TRADERS are breathing a sigh of relief after Portsmouth City Council signed a contract that will see controversial clampers lose their grip on a car park.
The car park, behind High Street, Cosham, Portsmouth, has been a battleground between drivers and clamping firm City Watch Enforcement, with many motorists complaining of being unfairly clamped.
The city council has confirmed it has at last signed a contract with the car park’s owners which will see it regulate the car park from October 29.
It means all regulations currently enforced at council-run car parks across the city will be applied in Cosham – and the clampers will no longer be in operation.
Cllr Jason Fazackarley, from the city council, said an authority-controlled car park meant a ‘fairer deal for everyone’.
He said: ‘Finally we’re able to step in and see the back of clampers who’ve been causing misery for people using Cosham car park.
‘Obviously I’m pleased that we’re taking over the contract for enforcement, which means a fairer deal for everyone.
‘But I’m bitterly disappointed it has taken such a struggle to get here.

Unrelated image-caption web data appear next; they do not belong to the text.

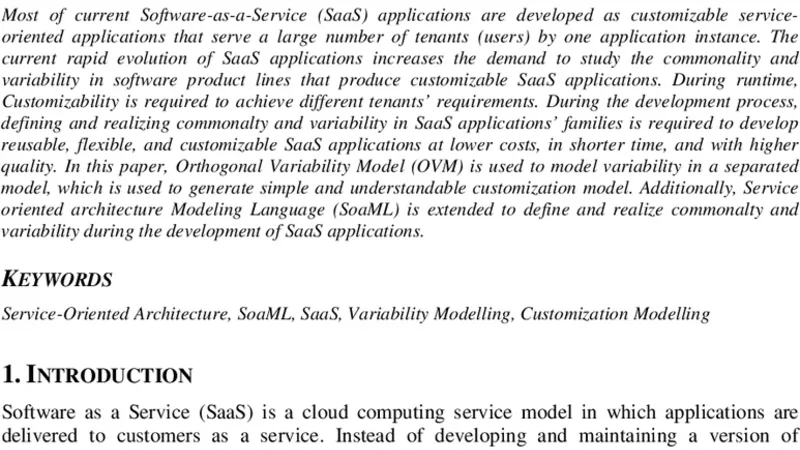 Variability Modeling for Customizable SaaS Applications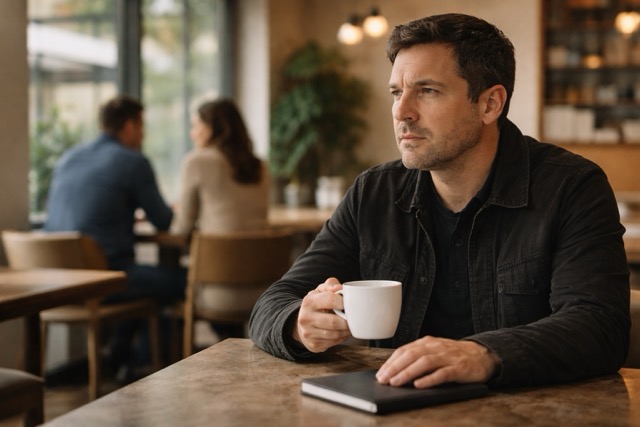 Private investigator sits calmly in a café with a notebook, observing surroundings as part of counter surveillance.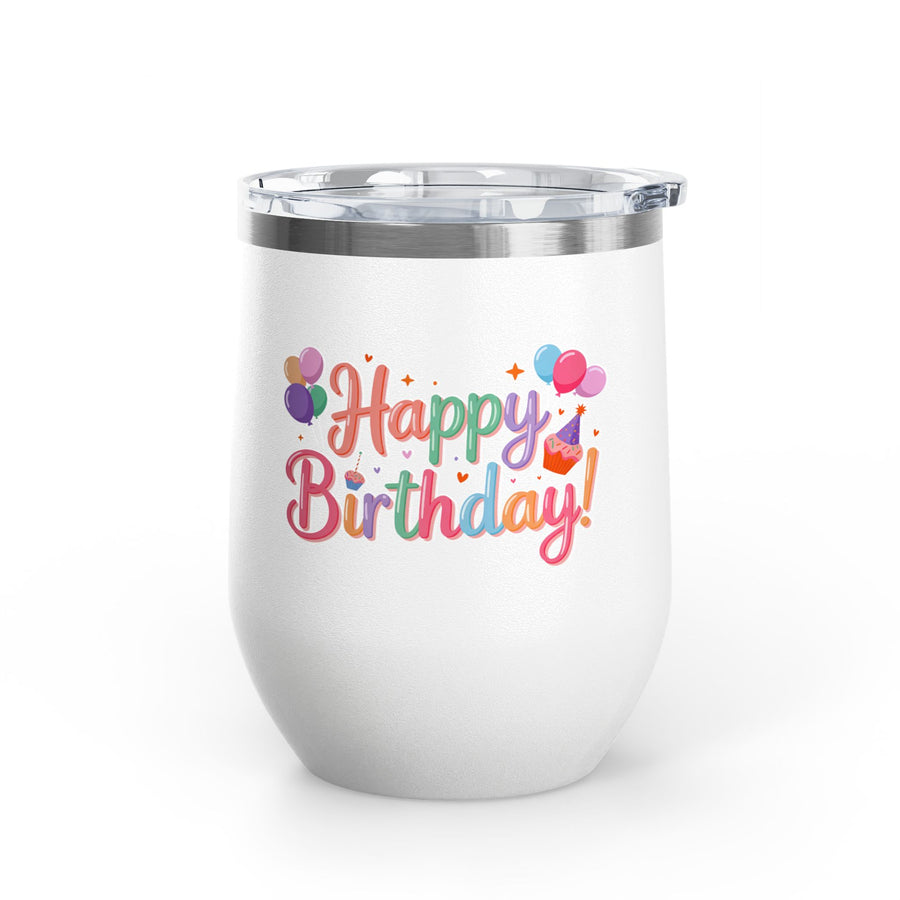 A white stainless steel stemless wine tumbler with a clear push-on lid, printed with "Happy Birthday!" in rainbow pastel lettering with bunches of balloons, a cupcake and small hearts.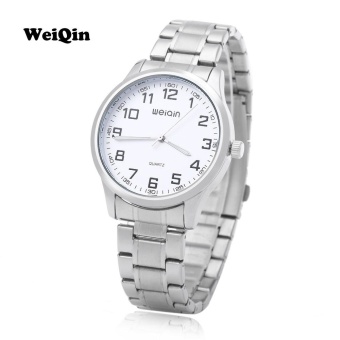 WEIQIN W00123G Men Quartz Watch Big Number Display Stainless Steel Band Wristwatch - intl  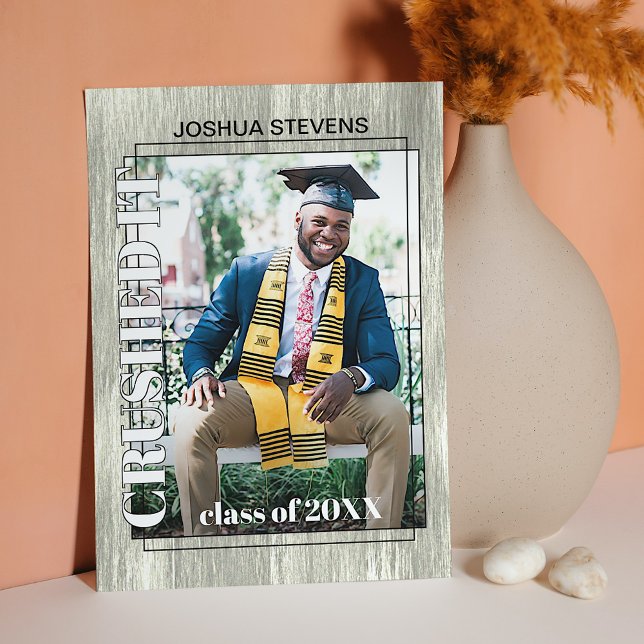Vintage Rustic Woodgrain Graduation Announcement Postcard (Creator Uploaded)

We’ve been ready months ago, and people have suffered extortionate fines because it’s taken so long to get this contract agreed. We’d like to do this much earlier but rules mean there has to be a 28-day notice period for changes to a traffic regulation order.’
The news has been welcomed by traders in Cosham, who hope it will bring more confidence to shoppers.
Tony Broome, who runs Shoefix in High Street and is a member of the Cosham Business Association, said: ‘It’s the news we have been waiting for, for what seems like forever. Hopefully people will have to pay a sensible fee to use it.
‘It must have put a few people off coming to Cosham and hopefully this move will rebuild some of the confidence that has been lost.
‘Confidence will return in time.’
Graham Hales, who runs Locks newsagency in Portsmouth Road, Cosham, added: ‘It doesn’t affect me as much as I am down the other end.
‘But I know a lot of traders have had problems with clampers at the car park, which means shoppers haven’t been coming in.
‘Anything that gets people coming through the area and being able to park is a good thing.’